On 2019-11-11 16:13, David Mertz wrote:
I implemented this discussed arrow operator in vim with conceal plugin.  This is an example given in PEP 572.  It looks perfectly fine.  It also does not require ANY change to Python-the-language.  It just means that I can type ':' followed by '=' to get that, rather than type 'Alt+Shift', '2', '1', '9', '0'.  So fewer keystrokes. No chording.  Easier to type.  And what gets saved to disk is good old plain ASCII.

I like your solution and think it looks great, though perhaps you forgot the space behind it? I'm not a huge fan of how modern Python is putting colons everywhere so this helps a tiny bit.

I don't hate how it looks, but I really, really don't get how it's supposed to "transform my thinking about coding" to have a slightly different glyph on screen.

Probably would need several, as CB mentioned below.  Still, debatable.

I mean, as shown in this example and a previous one I posted a screenshot of, I think it's cute and geeky to use a few math symbols in the same way in my editor.  I've been doing that for a few years, and it never got beyond "slightly cute."

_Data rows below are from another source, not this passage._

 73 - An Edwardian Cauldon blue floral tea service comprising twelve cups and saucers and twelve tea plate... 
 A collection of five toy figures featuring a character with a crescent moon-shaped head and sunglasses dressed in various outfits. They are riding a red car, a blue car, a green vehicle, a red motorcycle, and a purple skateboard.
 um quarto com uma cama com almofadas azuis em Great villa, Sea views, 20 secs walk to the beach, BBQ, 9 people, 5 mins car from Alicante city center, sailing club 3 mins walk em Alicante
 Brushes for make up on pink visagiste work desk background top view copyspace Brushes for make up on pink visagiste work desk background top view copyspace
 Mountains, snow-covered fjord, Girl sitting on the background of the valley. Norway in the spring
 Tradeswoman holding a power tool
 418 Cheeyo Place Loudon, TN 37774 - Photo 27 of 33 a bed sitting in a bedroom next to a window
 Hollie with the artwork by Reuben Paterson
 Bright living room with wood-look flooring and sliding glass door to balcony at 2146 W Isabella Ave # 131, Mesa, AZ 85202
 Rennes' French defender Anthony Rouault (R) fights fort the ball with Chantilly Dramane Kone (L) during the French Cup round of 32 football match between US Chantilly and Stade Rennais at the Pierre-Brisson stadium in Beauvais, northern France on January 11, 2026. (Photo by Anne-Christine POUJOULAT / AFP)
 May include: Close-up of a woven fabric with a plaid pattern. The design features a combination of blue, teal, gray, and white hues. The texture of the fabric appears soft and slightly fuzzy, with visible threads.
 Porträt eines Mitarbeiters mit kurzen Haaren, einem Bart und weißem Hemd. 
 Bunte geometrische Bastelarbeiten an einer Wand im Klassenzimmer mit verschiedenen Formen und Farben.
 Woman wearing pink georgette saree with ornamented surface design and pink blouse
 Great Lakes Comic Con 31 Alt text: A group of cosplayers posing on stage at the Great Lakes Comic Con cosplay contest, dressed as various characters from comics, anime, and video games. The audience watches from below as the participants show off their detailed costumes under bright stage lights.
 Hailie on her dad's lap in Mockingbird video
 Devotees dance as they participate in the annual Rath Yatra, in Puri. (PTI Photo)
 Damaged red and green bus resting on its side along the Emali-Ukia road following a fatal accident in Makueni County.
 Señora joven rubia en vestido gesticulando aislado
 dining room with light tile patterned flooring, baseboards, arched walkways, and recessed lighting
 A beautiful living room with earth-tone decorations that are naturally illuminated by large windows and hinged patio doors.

Guessing there were a few rare curmudgeons who didn't think we needed lowercase letters before ascii and still a few who don't want syntax highlighting either. I realize we're hitting the land of diminishing returns on text, but once features are gained I know I don't want to go back.

For example, I use many useful Unicode symbols in my text strings and console output. Billions of folks are using non-latin alphabets right now because Python3 makes it easy. All modern systems can handle them, why not? And input is not an significant issue, though it depends on the block.